Chicago’s Englewood neighborhood in the city’s South Side recently honored Bernie Mac with a street sign bearing the late comedian’s name.

According to the Associated Press, a street-renaming ceremony was held on Feb. 28 on a corner near the home where Mac was raised. Nearly 200 people, including Mac’s relatives and the Rev. Jesse Jackson attended the event.

“It is just a day full of joy. I’m saying how befitting that on Black History Month that he’s being honored today,” Mac’s widow, Rhonda McCullough told NBC News’ Chicago affiliate WMAQ-TV.

Mac, born Bernard McCullough, launched his career in comedy at the Chicago Cotton Club. After his appearance on HBO’s “Def Comedy Jam,” his career took off. His numerous film roles and “The Bernie Mac Show” later led him to become a household name.

The comedian died in August 2008 at age 50 from pneumonia complications, after suffering from sarcoidosis, a rare autoimmune disease.

“It’s been a long time coming,” Denise Jordan-Walker, a spokeswoman for the Bernie Mac Foundation told the Chicago Tribune during the event.

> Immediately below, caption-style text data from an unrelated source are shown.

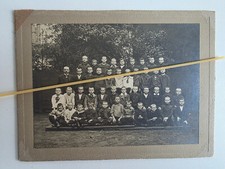 Antica foto ricordo di una classe con il suo insegnante dei primi del 900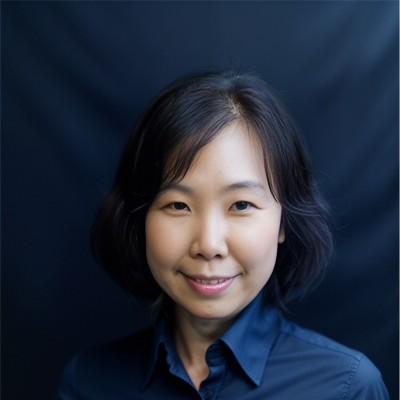 Tomomi Tanaka, PhD, professional headshot.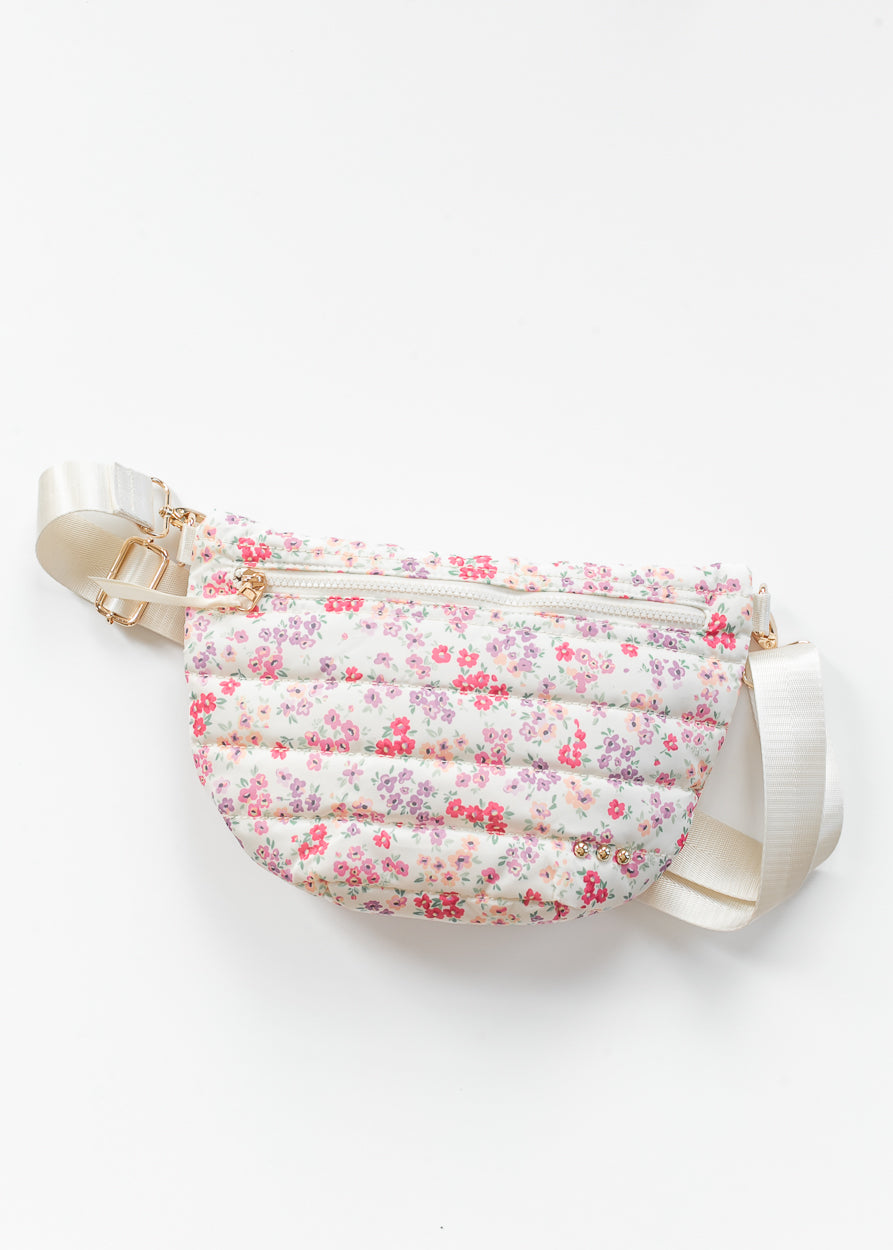 Close-up_of_floral_quilted_belt_bag_with_cream_strap_and_gold-tone_hardware_details.
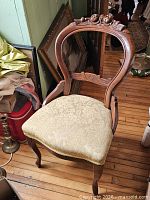 Full view of chair showing frame and upholstery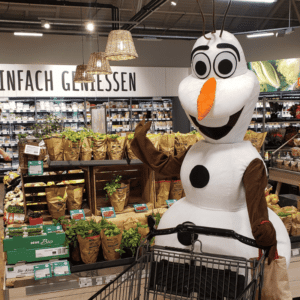 Ein symphatischer Schneemann-Maskottchen als Walking Act mit einem Einkaufswagen in Freising bei München in einem Rewe Supermarkt.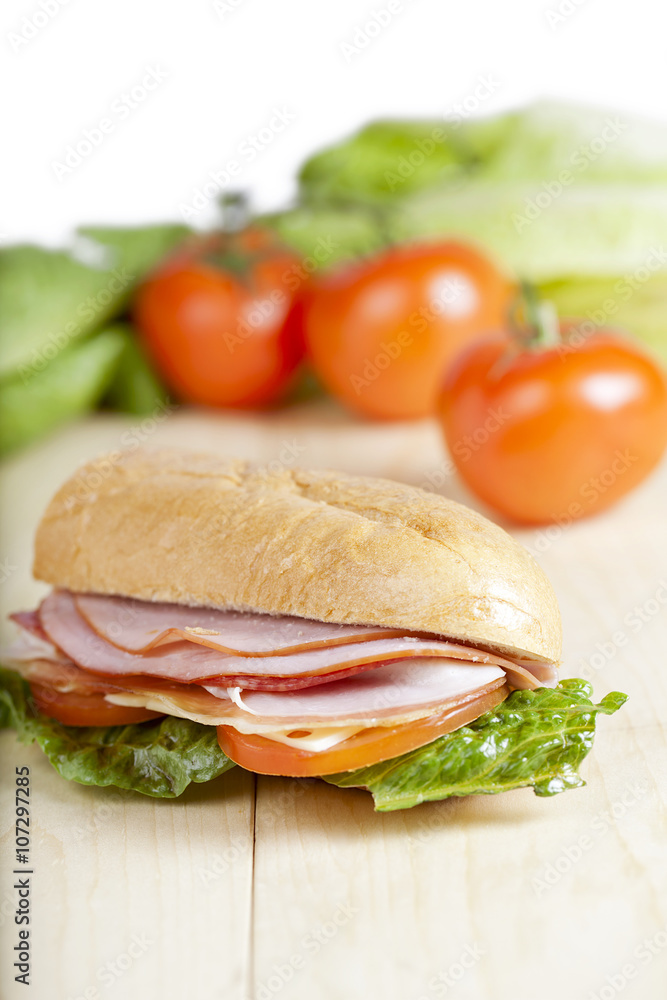 ham sandwich with blurred tomato background ham sandwich with blurred tomato background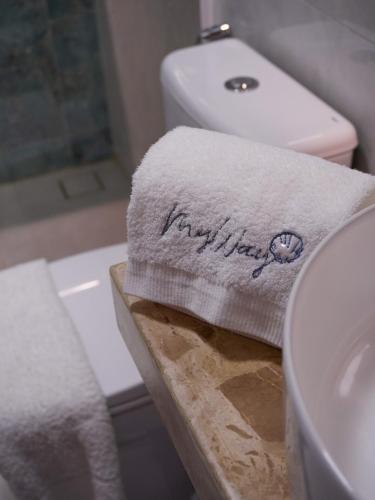 a bathroom with a towel that says happy birthday at My Way Flat in Aracati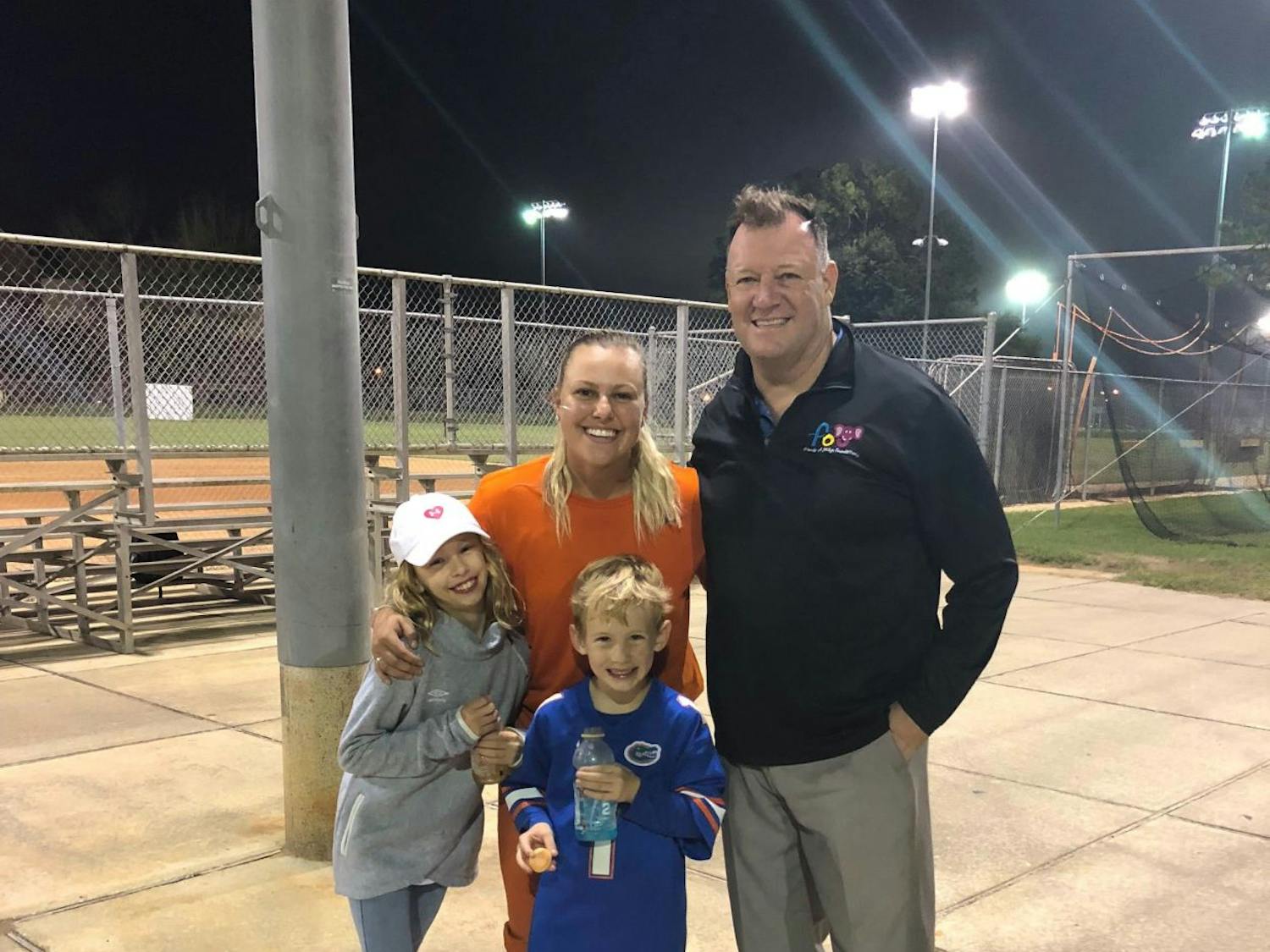Hartley poses for the camera with her 7-year-old brother, Carter, Denis Murphy, founder of the Friends of Jaclyn Foundation, and UF first baseman/left fielder Amanda Lorenz.&nbsp;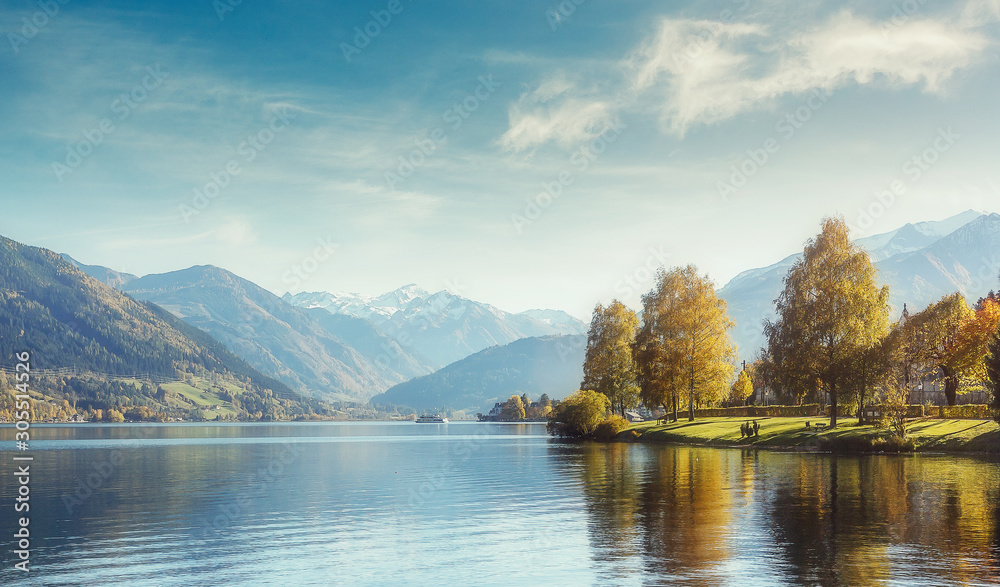 Naklejka premium wonderlust view of highland lake With autumn trees under sunlight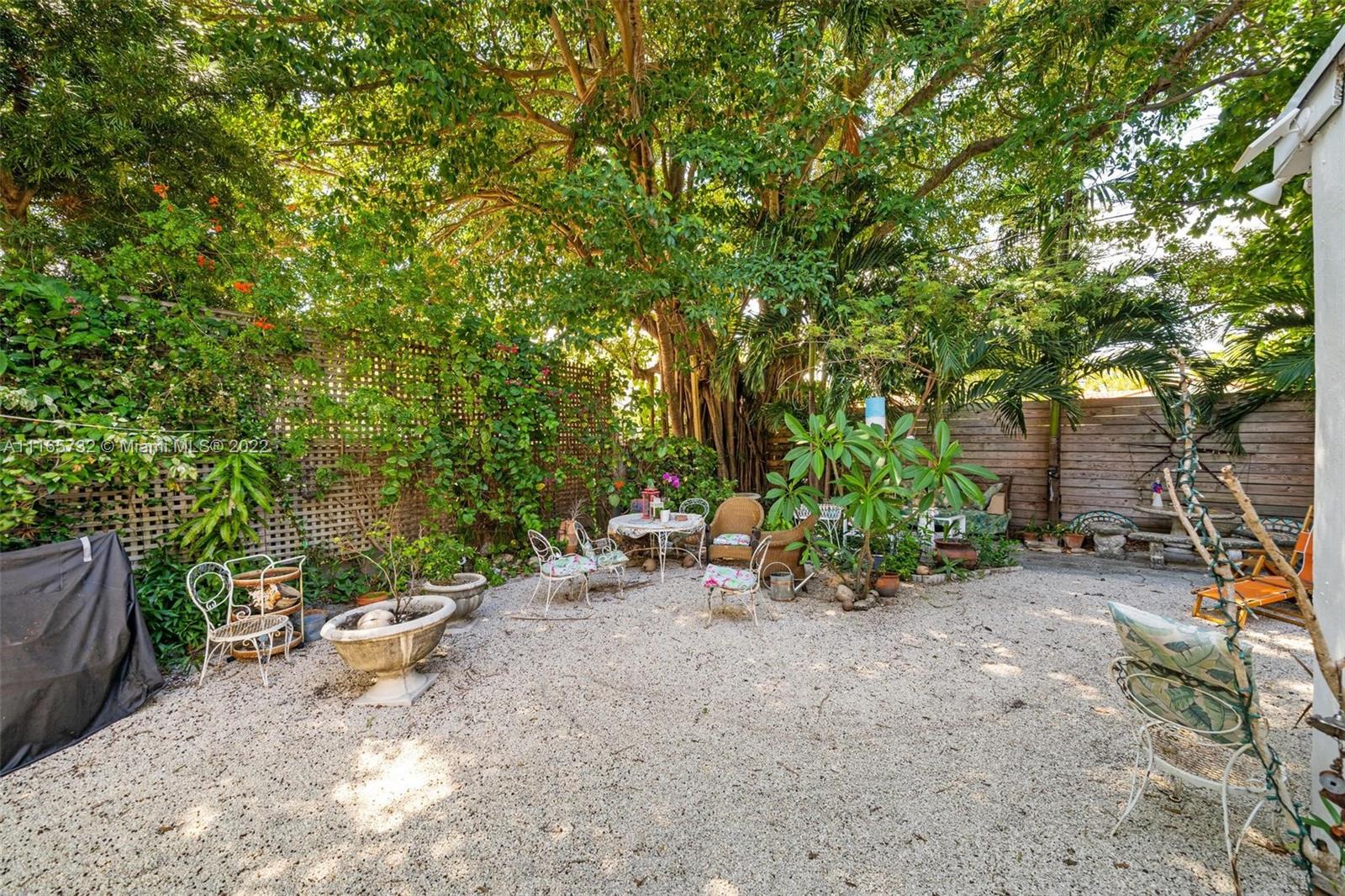 635 Northeast 68th Street Miami, FL 33138 - Photo 6 of 14 a backyard of a house with table and chairs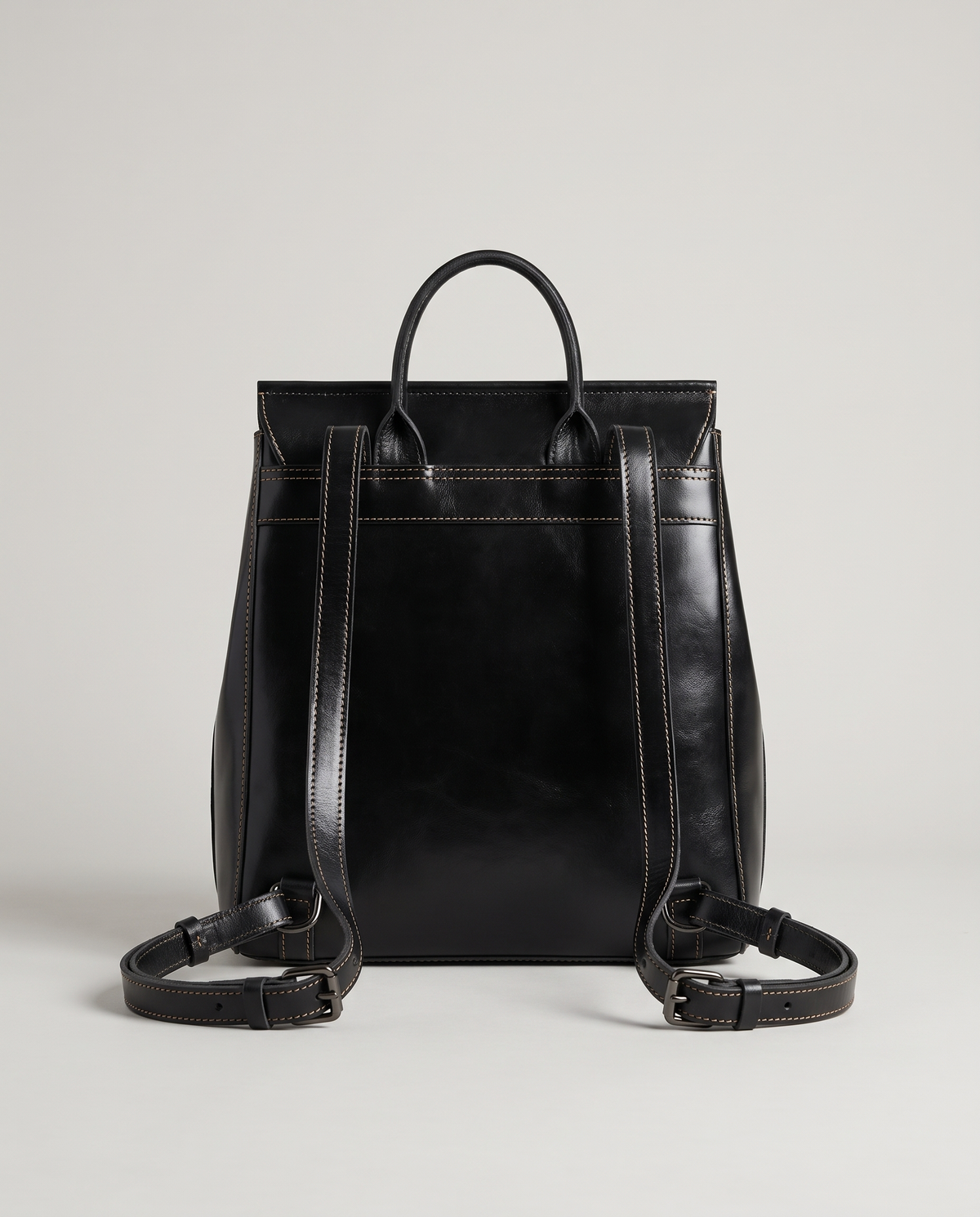 Ambler waxed leather backpack in Black – back view showing the shoulder straps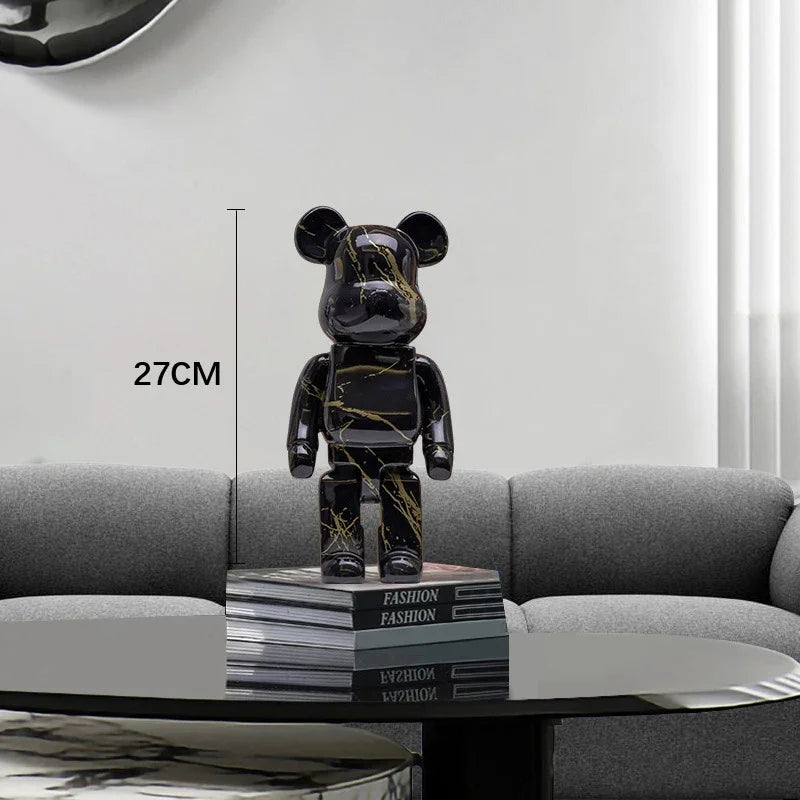 Black marble-patterned bear figure on a stack of books with dimensions indicated, placed on a table in a modern living room.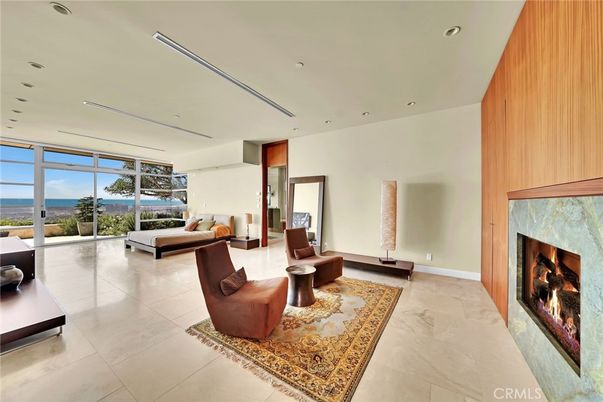 Fireplace, Interior, Living room, Recessed Lighting, Water, Wooden Walls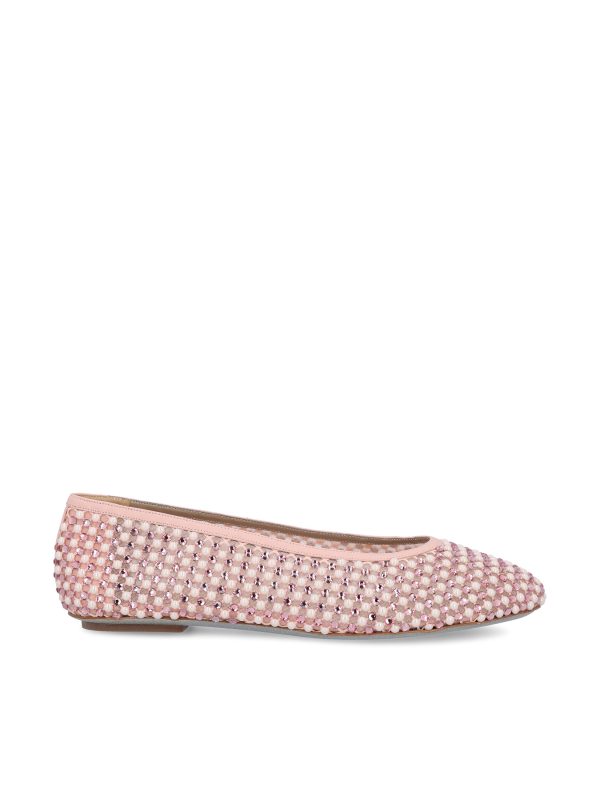 Ballerine realizzate in rete trasparente.
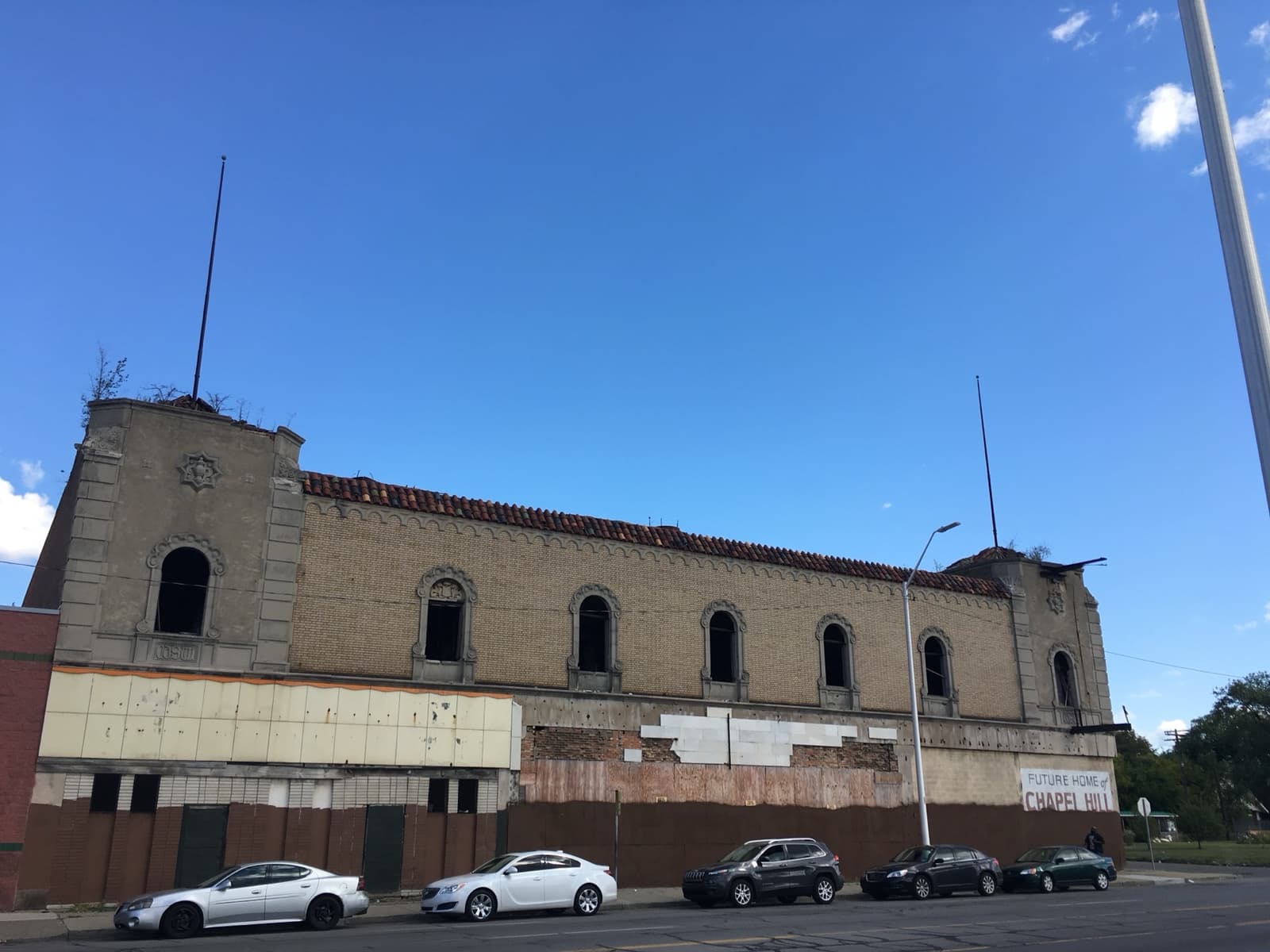 The long, boarded-up brick front of the Grande Ballroom under a blue sky, cars parked along the kerb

Walker explained that she came up with the commemoration idea last year.

Shortly before Mac’s death, he and his family launched the Bernie Mac Foundation to raise awareness about sarcoidosis, according to the organization’s website. Today, through a partnership with the American Lung Association, the Respiratory Health Association and the Foundation for Sarcoidosis Research, the Mac Foundation provides information and support for Sarcoidosis patients nationwide.